Oil on linen / 40 x 30 in / Available from the Artist
After several compositions which were highly ornamental, I wanted to set this one with lots of quiet space. While I’m still deeply engaged with the tail feathers, their role is more supporting in this piece. I was remembering Richard Diebenkorn as I placed interest at the edges. When I hung the brass harness ornament at lower right, I knew the title. It felt like hanging a medal.
Oil on Linen / 30x30 in / at Cutter & Cutter Fine Art in 2024
One of my perpetual puzzles is how to compose a frontal still life which is not staid. The explosion of tail feathers, my current love, begins the effort. The samovar, so much like a pecking chicken with it’s extended spout, continues the theme. Can you find the Caryatid?
Oil on Linen / 20 x 24 inches / Available from the artist
Many of you know that rabbits are my avatars in the little worlds I create in my still life tableaux. I stole this one from my sister, the architect Heidi Hefferlin, and I imagine I’ll have to return it someday. I found the tiny wheels so optimisitc. The saturated nature of the lux textiles was comforting to me.
Pastel on toned paper / 19 x 22 / Available from the artist
Every year I paint daffodils I picked in my mother’s yard, where I grew up. It’s a ritual I enjoy deeply. This year they are accompanied by an exquisite cloth I bought in Morocco, of French silk damask with hand embroidery.
Oil on Linen / 30 x 30 in / Private Collection, 2024
The textures in this tableau are refined in the extreme, and so I was surprised when the painting wanted to be executed in rough, choppy, intuitive brushwork. There is some canvas peeking through. My Social Realism training reared it’s head. This was my last painting of 2023, and I enjoyed it tremendously. It’s me planting my flag, or in this case my black bouquet, on optimism for 2024. Enough war. Enough tragedy. Enough.
Oil on Linen / 24 x 19.5 in / Available at Cutter & Cutter Fine Art
Two feathered “hats” from 2023…. retrices given by a friend with chickens, and a feathered hat postcard bought at the historic Vermeer exhibition in Amsterdam.
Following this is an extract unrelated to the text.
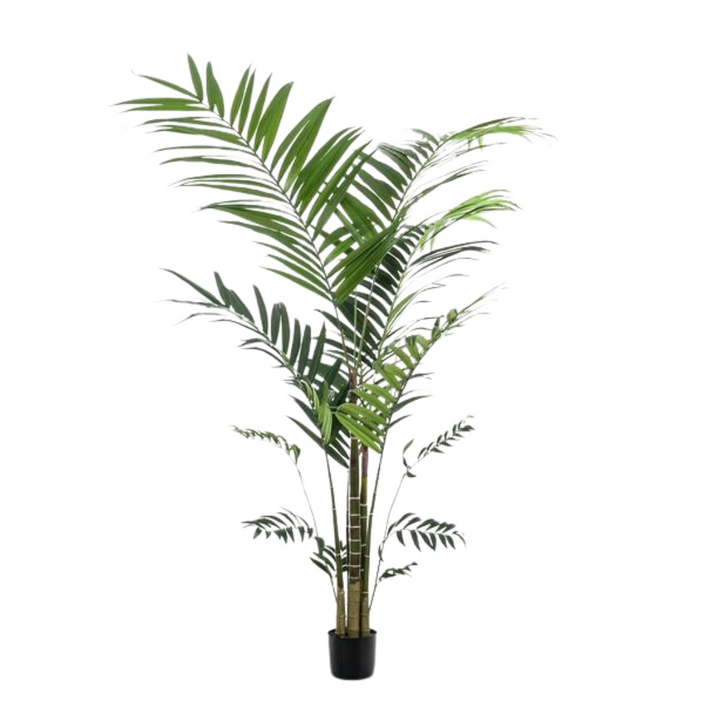 Kunstplant - Kentia -Kentiapalm - 210cm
I was most drawn to the monstrous shape of the feather’s shadow. So much linear delight for an artist.
Oil on Linen / 34x38 in / Cutter & Cutter Fine Art in 2024
As a young reader I loved stories about alchemical efforts. This tableau is my assembly of semi-magical objects from which I hoped to create a result more magical than the sum of the parts. It all began when a friend gave me a bouquet of tail feathers.
Pastel on Paper / 25x19 in / Going to Cutter & Cutter Fine Art in 2024
My mind enjoys alternating between compositions which have many moving parts, seemingly in chaos, while other times having a monolithic subject (an icon) hold center stage. Imagine this samovar a portrait of a woman in a magnificent hat, such as Valentin Serov’s “Olga Orlova” at the Russian Museum.
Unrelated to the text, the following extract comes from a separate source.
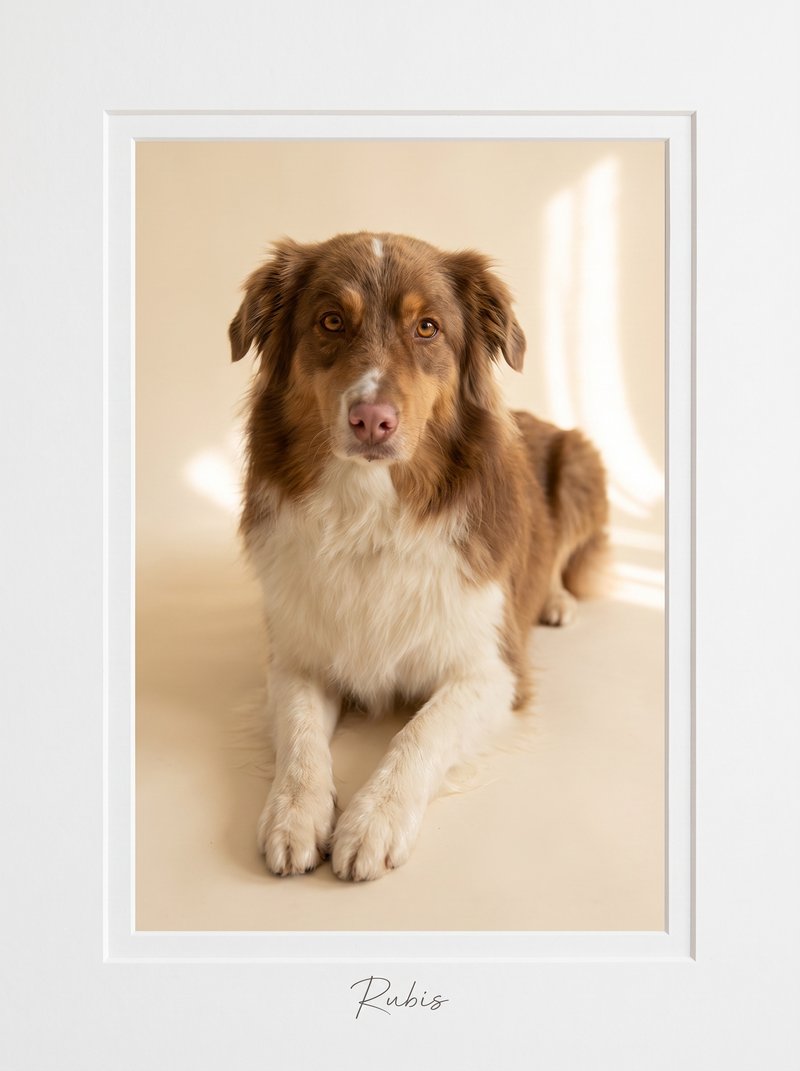 Portrait d’animal — style Tirage encadré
Oil on Linen / 19 x 13 in / Available at Cutter & Cutter Fine Art
My original title for this little altar was “Altar, II,” but every time I looked at the lighbulb I saw a duck’s head. The tucked feathers felt like wings at rest, or crossed legs at rest. The painting seemed to be want the second title.
Oil on Linen / 30x24 in / at Cutter & Cutter Fine Art in 2024
My son, artist Timur Akhriev, often composes using powerful color fields, but I had not often done so. When my sister gave me this sheet of royal blue cotton, my opportunity sprung to life. The current historic Vermeer show is often on my mind. I think of this still life as a portrait of the samovar, in the spirit of Hans Holbein’s “Sir Thomas More” at the Frick Museum.
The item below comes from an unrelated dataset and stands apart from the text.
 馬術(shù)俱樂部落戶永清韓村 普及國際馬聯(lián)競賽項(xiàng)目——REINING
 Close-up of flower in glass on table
Oil on Linen/ 39x39 in / Available at Cutter & Cutter Fine Art
A month in Venice during lock-down enriched my spirit with the decadent textures of the watery city. Across from our apartment was the fine damask producer, Bevilaqua (tablecloth from them). We also discovered fabrics by the house of Fortuny, a Spaniard who moved himself to Venice and began a textile empire. The rabbit, ready to float onto the canals in her silver boat, loved all the decadence.
Oil on Linen / 35x54 in / Available from the artist
In past years I’ve begun to collect beaten copper from Europe. The reflective properties and the colors, from peach to purple, enchant me. Sitting here in the window, they reminded me of checking the window (or even waiting in the window) for a glimpse of the beloved’s return.